- _DATA FOR REVIEW_
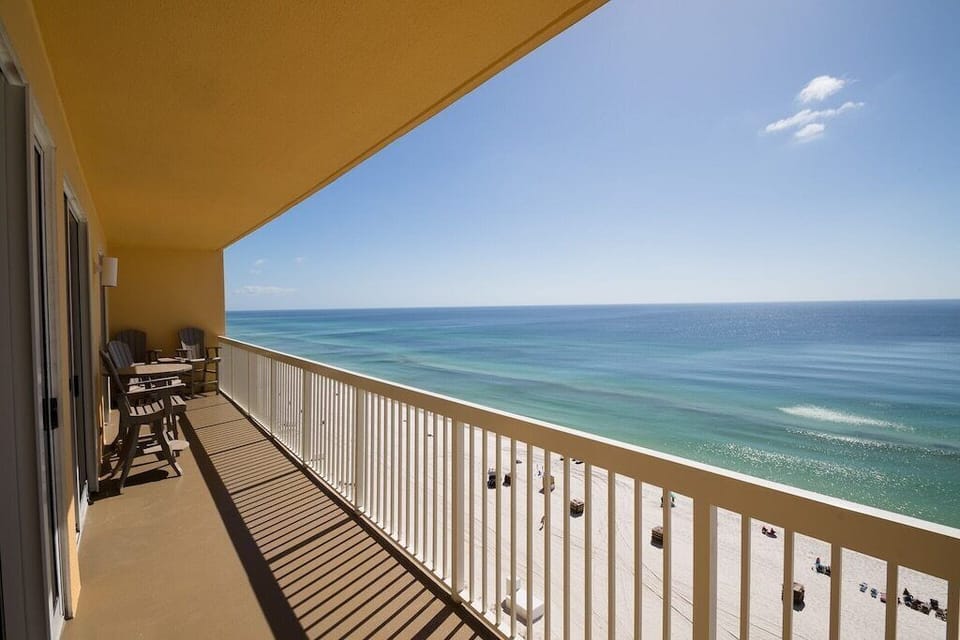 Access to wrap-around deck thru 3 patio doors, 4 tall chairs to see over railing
==
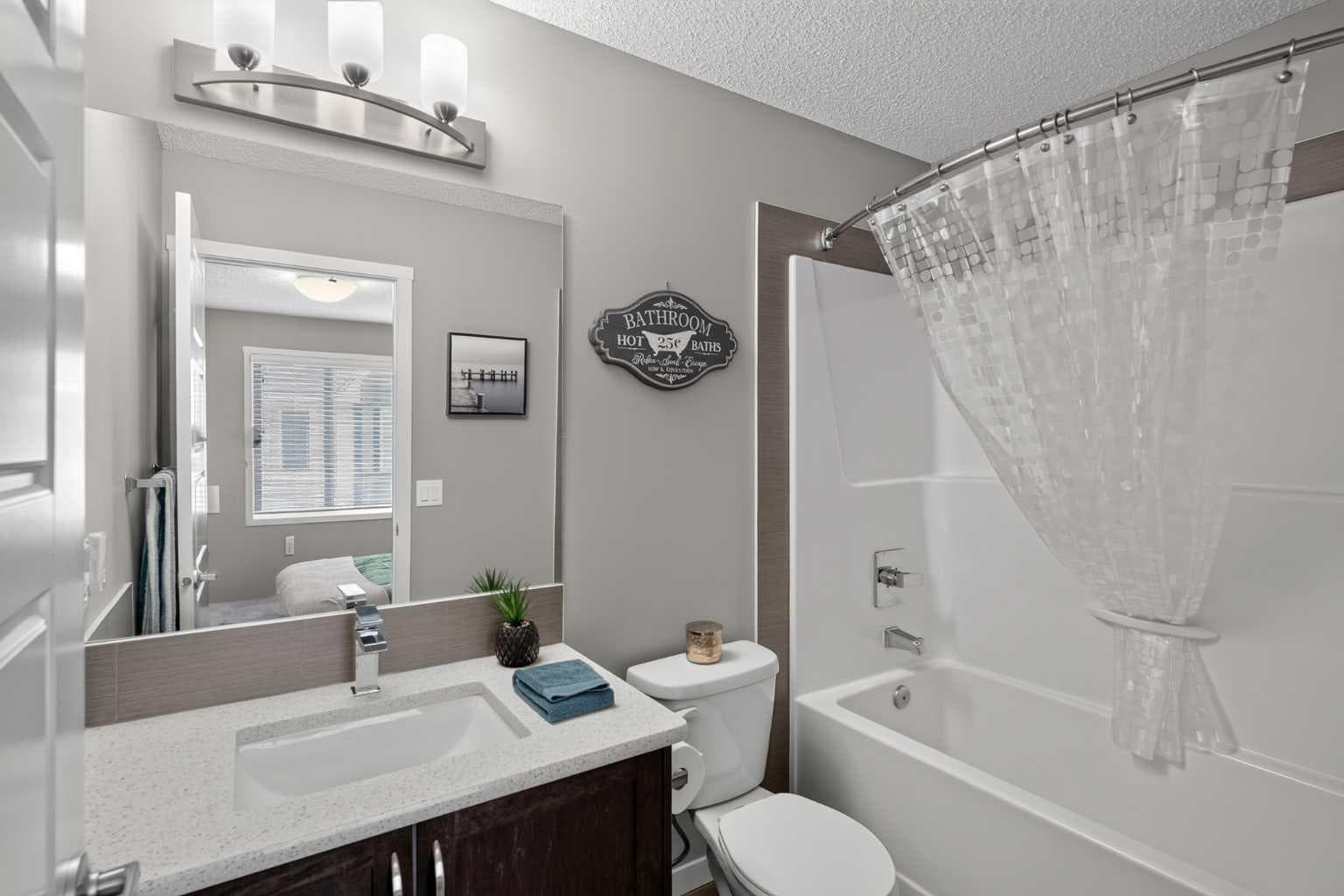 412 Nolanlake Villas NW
...
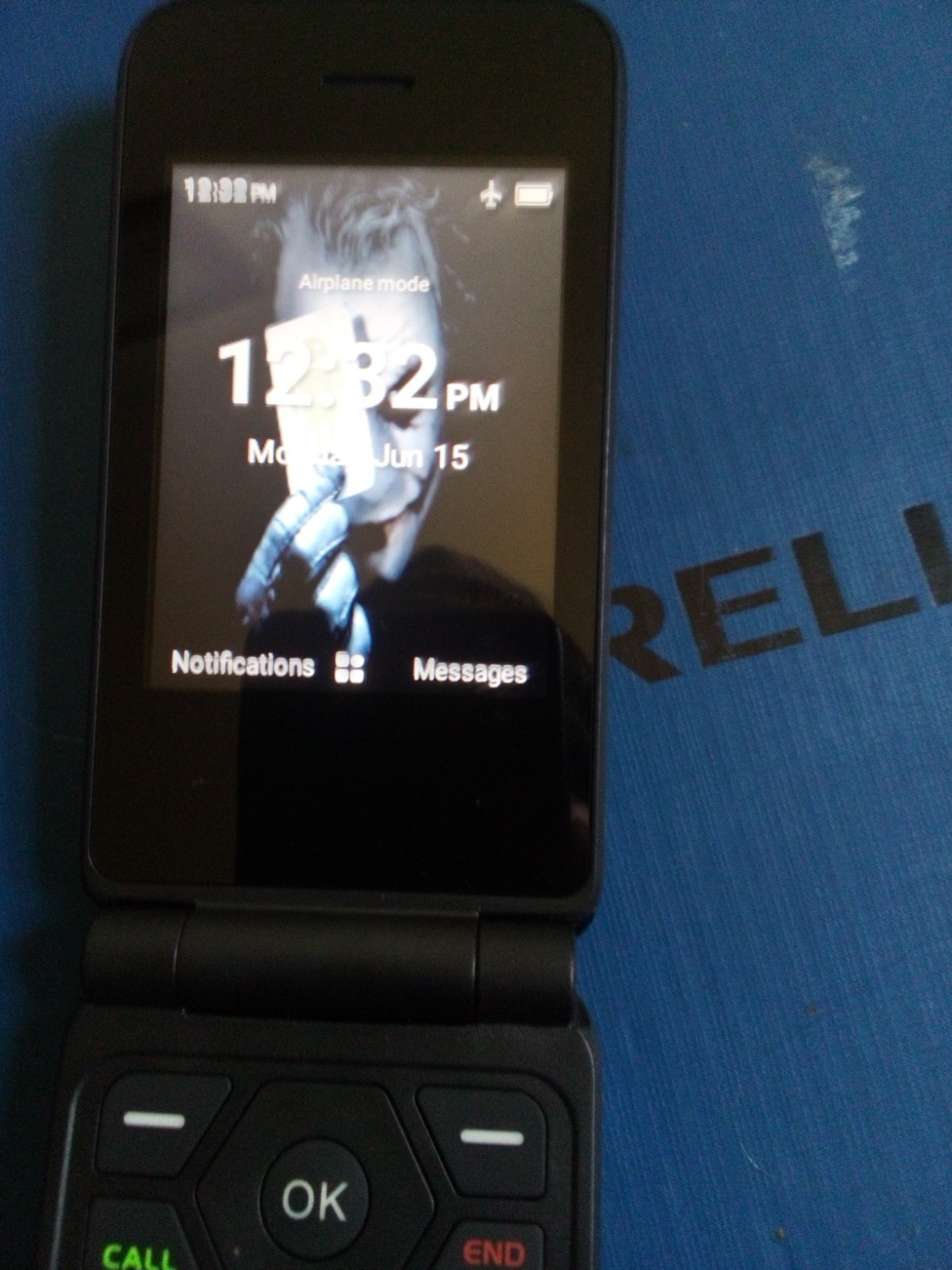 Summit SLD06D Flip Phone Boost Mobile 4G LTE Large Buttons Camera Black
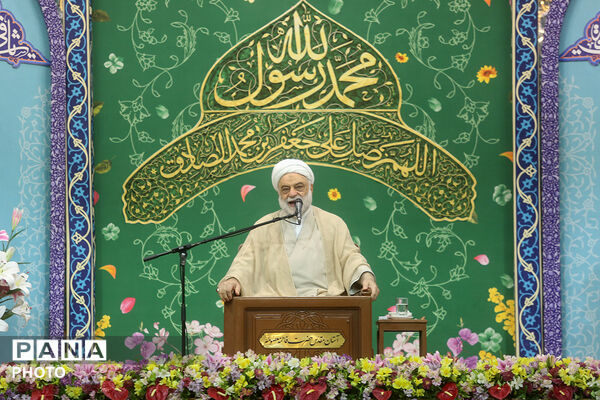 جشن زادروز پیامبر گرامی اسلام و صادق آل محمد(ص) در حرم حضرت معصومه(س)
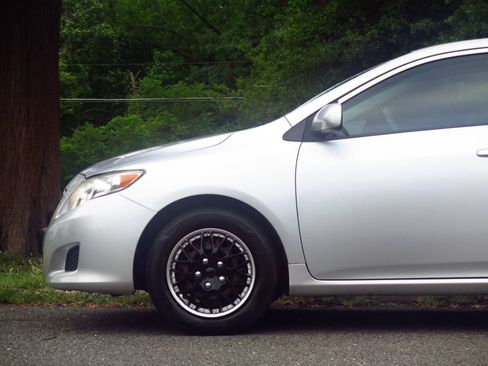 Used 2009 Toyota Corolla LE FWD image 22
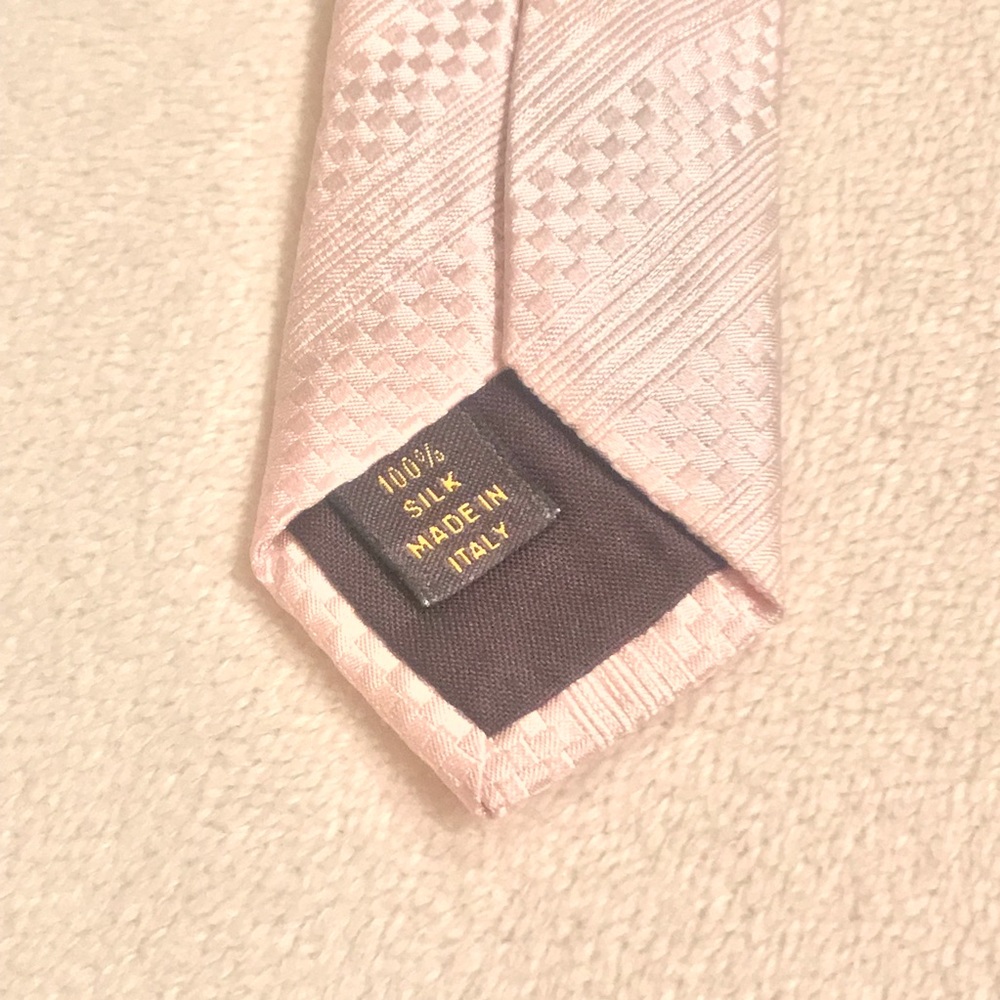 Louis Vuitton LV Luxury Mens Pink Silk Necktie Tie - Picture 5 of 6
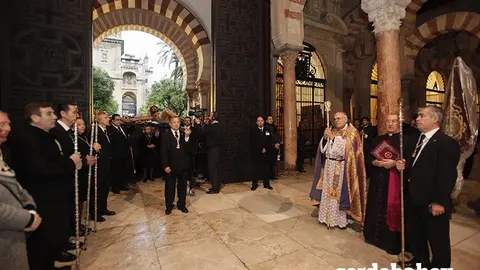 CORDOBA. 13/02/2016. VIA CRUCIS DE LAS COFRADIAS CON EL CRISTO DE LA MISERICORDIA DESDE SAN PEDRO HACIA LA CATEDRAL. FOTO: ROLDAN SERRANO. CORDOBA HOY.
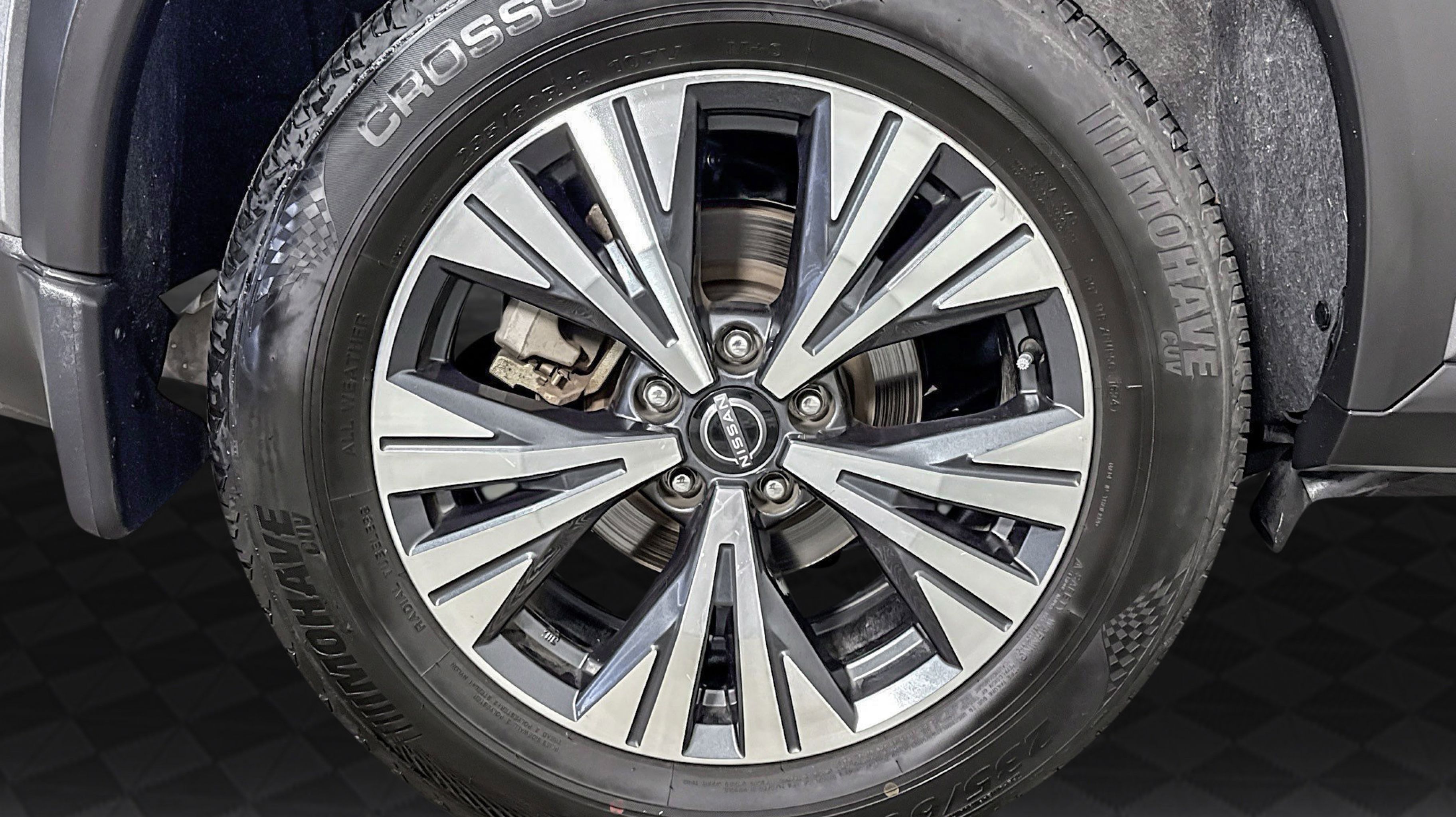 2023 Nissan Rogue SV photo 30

- _WHAT YOU WILL DO_
After locating the line containing "Louis Vuitton LV" in the entries above, return it and every line after it exactly, ending at the line containing "2023 Nissan Rogue SV photo 30", without pictures.

- _OUTPUT FOR THIS TASK_
 Louis Vuitton LV Luxury Mens Pink Silk Necktie Tie - Picture 5 of 6
 CORDOBA. 13/02/2016. VIA CRUCIS DE LAS COFRADIAS CON EL CRISTO DE LA MISERICORDIA DESDE SAN PEDRO HACIA LA CATEDRAL. FOTO: ROLDAN SERRANO. CORDOBA HOY.
 2023 Nissan Rogue SV photo 30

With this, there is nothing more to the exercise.